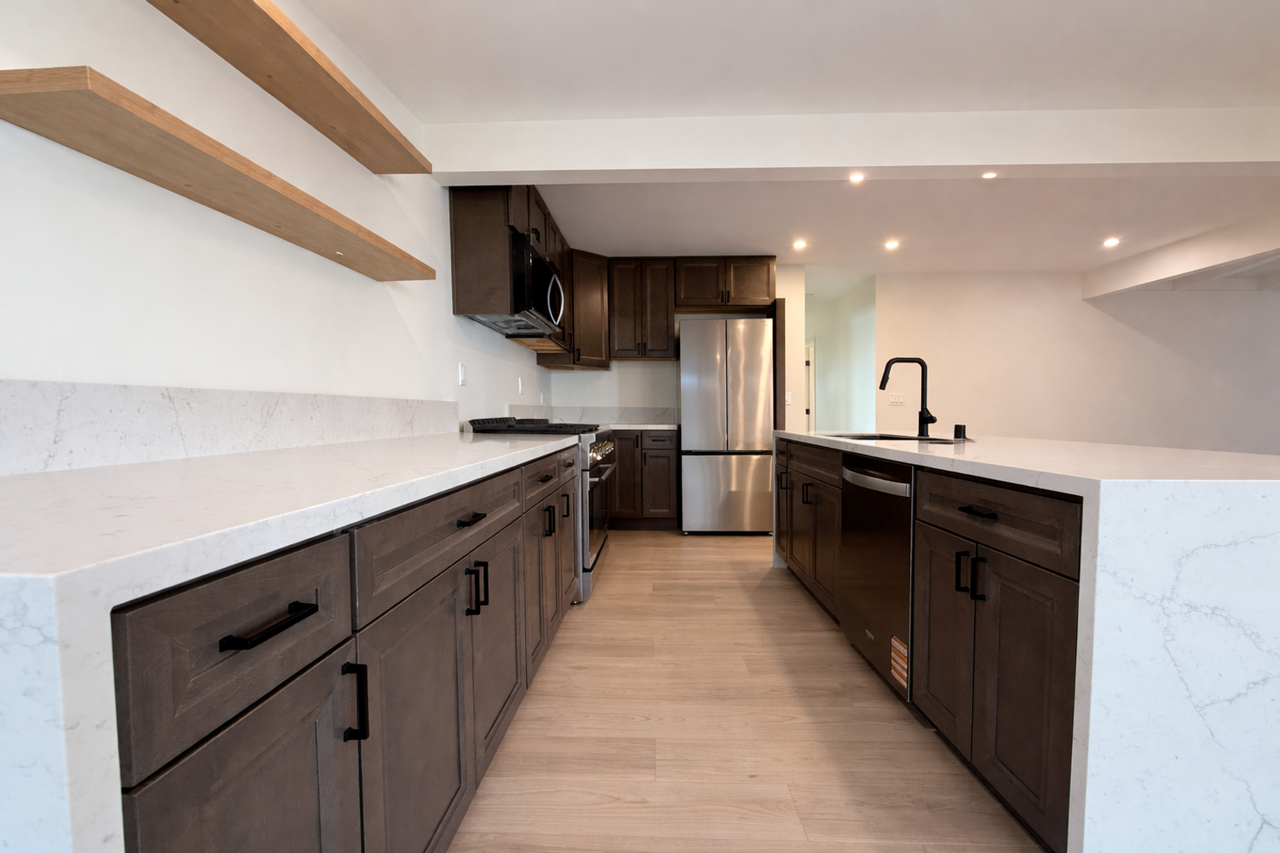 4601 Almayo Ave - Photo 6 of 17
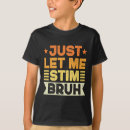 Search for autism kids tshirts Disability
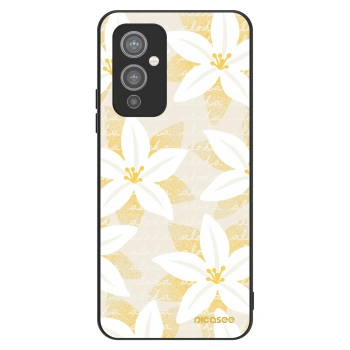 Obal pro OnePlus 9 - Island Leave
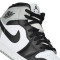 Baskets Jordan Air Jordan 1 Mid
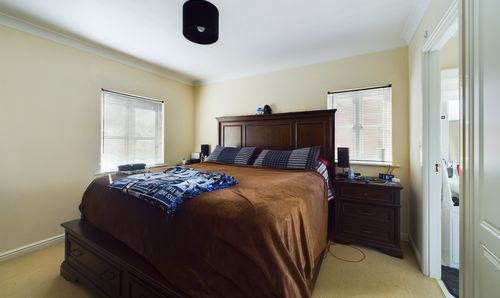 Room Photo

*TASK TO CARRY OUT*
Every line above has to be output exactly; the pictures must be dropped.

*RESPONSE*
 4601 Almayo Ave - Photo 6 of 17
 Search for autism kids tshirts Disability
 Obal pro OnePlus 9 - Island Leave
 Baskets Jordan Air Jordan 1 Mid
 Room Photo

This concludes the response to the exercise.